Patients and Methods

Patients blood samples

Heparinized peripheral blood (PB) (8 mL) was collected from 77 primary renal cell carcinoma (RCC) patients before partial/radical nephrectomy at the Urology Unit of Istituto Nazionale Tumori di Napoli IRCCS “G. Pascale” and Urology Unit, University of Naples “Federico II”. Heparinized blood was also collected from 38 healthy donors (HDs). The research protocol was approved by the Human Ethical Committee of the Institute (n. CEI/423/13). Clinical features of patients are shown in Table 1.

Table 1 Patient characteristics.

Migration assay

Tregs migration was assessed as previously described [32,33,34]. Briefly, freshly isolated peripheral blood mononuclear cells (PBMCs) were obtained from RCC patients and HDs by Ficoll–Hypaque gradients (GE Healthcare Bioscience). 106 PBMCs were stained with APC-Cy7-anti-CD4 and PE-anti-CD25 mAbs to evaluate percentage of CD4+CD25+ T cell in PBMCs at time 0. Cells were transferred into the upper chambers 5.0 µm pore-size polycarbonate membrane filter 24 Transwell plates (Costar Corning, Cambridge, MA) in a final volume of 200 µL of RPMI-1640 medium (GE Healthcare Life Sciences, HyClone Laboratories). CXCL12 (100 ng/mL; R&D Systems, Minneapolis, MN), was added to the lower chamber and after 16 h the migrated cells were stained with APC-Cy7-anti-CD4 and PE-anti-CD25 mAbs. Migrated cells were counted as CD4+CD25+ cells lower well/ CD4+CD25+ cells in upper well X100.

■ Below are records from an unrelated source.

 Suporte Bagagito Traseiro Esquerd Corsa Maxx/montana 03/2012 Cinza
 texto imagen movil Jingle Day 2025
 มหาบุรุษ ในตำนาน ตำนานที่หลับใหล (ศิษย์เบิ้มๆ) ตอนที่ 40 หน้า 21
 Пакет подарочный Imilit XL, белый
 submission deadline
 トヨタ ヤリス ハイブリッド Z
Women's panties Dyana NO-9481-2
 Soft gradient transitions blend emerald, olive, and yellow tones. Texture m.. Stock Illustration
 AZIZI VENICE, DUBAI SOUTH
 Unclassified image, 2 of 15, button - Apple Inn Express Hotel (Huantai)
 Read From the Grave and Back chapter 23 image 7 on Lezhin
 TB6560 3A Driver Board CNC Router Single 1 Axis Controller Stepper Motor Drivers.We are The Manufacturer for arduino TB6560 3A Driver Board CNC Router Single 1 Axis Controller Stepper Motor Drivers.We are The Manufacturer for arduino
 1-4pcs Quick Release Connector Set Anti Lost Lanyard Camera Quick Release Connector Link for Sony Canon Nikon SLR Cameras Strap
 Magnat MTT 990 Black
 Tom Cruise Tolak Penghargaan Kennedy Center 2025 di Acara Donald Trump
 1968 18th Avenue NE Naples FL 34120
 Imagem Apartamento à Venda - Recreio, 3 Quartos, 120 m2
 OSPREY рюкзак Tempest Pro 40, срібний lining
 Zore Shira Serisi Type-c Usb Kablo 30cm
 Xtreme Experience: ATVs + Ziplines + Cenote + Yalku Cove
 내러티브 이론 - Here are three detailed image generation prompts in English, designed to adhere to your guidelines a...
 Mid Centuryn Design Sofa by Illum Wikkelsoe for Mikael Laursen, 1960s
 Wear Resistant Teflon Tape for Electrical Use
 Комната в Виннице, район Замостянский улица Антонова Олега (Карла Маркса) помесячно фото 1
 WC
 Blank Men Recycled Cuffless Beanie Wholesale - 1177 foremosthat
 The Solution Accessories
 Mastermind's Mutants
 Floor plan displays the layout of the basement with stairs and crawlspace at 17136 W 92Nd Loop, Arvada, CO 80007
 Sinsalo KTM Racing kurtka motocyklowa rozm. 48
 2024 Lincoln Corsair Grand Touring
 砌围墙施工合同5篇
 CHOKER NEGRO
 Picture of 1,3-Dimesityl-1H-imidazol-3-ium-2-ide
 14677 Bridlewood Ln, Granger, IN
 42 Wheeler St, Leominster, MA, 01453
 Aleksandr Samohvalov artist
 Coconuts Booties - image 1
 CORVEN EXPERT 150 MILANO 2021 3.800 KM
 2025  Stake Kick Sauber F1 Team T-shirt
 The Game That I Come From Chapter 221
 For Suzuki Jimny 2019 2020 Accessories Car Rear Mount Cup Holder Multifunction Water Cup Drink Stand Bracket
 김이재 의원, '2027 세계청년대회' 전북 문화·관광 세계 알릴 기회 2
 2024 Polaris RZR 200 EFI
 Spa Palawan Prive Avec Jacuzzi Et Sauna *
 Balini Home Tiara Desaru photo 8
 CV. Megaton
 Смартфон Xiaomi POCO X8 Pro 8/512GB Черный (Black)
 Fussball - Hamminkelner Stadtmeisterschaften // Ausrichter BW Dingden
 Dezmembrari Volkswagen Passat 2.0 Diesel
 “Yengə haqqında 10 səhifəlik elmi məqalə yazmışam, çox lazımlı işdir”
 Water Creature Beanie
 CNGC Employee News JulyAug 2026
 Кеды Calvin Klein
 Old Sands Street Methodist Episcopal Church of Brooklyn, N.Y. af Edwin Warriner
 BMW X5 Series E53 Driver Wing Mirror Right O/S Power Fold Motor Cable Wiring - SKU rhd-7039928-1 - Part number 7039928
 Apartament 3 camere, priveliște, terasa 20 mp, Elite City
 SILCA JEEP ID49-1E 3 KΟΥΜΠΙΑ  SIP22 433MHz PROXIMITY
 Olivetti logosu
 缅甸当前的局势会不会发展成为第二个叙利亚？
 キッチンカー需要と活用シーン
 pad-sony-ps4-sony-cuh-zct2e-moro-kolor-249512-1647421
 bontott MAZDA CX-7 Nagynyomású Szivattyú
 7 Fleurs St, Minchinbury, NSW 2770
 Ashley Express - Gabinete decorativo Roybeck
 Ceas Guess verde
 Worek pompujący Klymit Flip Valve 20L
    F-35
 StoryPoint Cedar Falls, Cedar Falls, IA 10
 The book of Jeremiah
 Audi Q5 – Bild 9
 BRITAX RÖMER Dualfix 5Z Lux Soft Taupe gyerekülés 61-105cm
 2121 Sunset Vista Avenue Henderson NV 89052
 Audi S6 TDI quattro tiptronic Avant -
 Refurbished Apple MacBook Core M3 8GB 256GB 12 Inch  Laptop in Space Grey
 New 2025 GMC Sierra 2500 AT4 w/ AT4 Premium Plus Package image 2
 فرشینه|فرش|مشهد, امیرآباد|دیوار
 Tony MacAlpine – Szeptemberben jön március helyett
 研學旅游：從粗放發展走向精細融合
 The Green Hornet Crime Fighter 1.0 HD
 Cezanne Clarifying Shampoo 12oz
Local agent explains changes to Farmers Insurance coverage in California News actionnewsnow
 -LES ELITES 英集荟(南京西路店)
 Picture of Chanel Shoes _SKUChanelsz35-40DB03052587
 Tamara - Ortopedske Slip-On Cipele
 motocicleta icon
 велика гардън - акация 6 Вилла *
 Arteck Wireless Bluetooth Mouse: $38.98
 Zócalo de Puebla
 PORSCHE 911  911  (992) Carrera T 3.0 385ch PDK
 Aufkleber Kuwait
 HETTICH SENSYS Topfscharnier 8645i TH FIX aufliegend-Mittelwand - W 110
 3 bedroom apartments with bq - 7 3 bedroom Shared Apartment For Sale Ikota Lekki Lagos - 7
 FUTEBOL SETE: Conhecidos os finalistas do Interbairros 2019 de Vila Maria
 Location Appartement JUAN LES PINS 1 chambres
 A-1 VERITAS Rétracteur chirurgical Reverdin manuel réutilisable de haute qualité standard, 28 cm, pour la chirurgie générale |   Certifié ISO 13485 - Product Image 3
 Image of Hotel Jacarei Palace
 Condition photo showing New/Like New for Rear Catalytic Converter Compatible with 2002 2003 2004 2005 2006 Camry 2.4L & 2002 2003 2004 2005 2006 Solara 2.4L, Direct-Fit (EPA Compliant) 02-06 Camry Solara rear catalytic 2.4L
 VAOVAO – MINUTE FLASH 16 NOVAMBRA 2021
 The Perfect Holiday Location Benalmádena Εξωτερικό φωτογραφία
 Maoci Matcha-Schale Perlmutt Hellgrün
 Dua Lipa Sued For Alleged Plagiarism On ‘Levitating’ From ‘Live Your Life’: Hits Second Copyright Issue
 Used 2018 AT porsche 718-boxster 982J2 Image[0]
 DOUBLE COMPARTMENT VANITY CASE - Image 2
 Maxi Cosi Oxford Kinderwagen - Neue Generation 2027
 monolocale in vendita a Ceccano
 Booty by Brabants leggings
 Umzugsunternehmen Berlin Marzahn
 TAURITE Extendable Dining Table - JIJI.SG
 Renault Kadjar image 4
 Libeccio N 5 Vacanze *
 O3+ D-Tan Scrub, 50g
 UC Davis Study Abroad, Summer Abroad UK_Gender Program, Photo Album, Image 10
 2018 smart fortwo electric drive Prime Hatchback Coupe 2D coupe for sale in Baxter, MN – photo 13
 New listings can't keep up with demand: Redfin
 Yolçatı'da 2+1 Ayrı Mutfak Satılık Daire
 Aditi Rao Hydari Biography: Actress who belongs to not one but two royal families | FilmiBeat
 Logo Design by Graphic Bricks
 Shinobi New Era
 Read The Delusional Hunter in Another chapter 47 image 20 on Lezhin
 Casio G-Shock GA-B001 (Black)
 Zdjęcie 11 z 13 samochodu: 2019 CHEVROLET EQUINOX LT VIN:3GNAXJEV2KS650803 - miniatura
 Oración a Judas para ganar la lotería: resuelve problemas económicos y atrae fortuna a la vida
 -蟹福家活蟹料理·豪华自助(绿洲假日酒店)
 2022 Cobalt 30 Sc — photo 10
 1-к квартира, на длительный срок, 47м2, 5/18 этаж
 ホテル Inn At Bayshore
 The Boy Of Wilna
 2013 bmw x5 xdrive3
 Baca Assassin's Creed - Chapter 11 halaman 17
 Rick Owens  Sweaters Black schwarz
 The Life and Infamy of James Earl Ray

Purification of T cell subsets

PB samples were processed by Ficoll–Hypaque gradients. Peripheral CD4+CD25+ Tregs along with peripheral CD4+CD25 T effector (Teff) were isolated through Dynabeads Regulatory CD4+CD25+ T cell kit (Invitrogen by Life Technologies). Briefly, CD4+ cells were isolated by negative selection. A depletion beads solution was added to remove the non-CD4 cells. Then, CD25-beads were added to CD4+ T cells to capture the CD4+CD25+ Tregs and the remaining fraction was used as CD4+CD25 Teff cells. Finally, Dynabeads CD25 were removed from the cells. Collected cells were >95% pure (confirmed by flow cytometry).

Tregs suppression assay

Carboxyfluorescein diacetate succinimidyl ester (CFSE)-labelled autologous CD4+CD25 T effector cells from PB (CellTrace CFSE Cell Proliferation Kit, Molecular Probes, by Life Technologies) were cultured with peripheral CD4+CD25+ Tregs at 1:1 ratio. Cells were cultured (5 × 103 cells/well) in U-bottom 96-well plates with RPMI-1640 complete medium (GE Healthcare Life Sciences, HyClone Laboratories). T effector cells were stimulated for 5 days in the presence of Dynabeads Human T-Activator CD3/CD28 (Gibco by Life Technologies). At the end of the coculture, the supernatant and the cells were collected.

Cytokine assay

ELISA for IL-35, IFN-γ, IL-10, and TGF-β1 was conducted on the supernatant from 5 days suppression tests according to manufacture instructions (Human IL-35 ELISA kit-Boster Biological Technology Human IFN-γ, Human IL-10 and Human LAP (TGF-β1)(Invitrogen-Thermo Fisher Scientific.) Samples were acquired by LB 940 Multimode Reader Mithras (Berthold Technologies).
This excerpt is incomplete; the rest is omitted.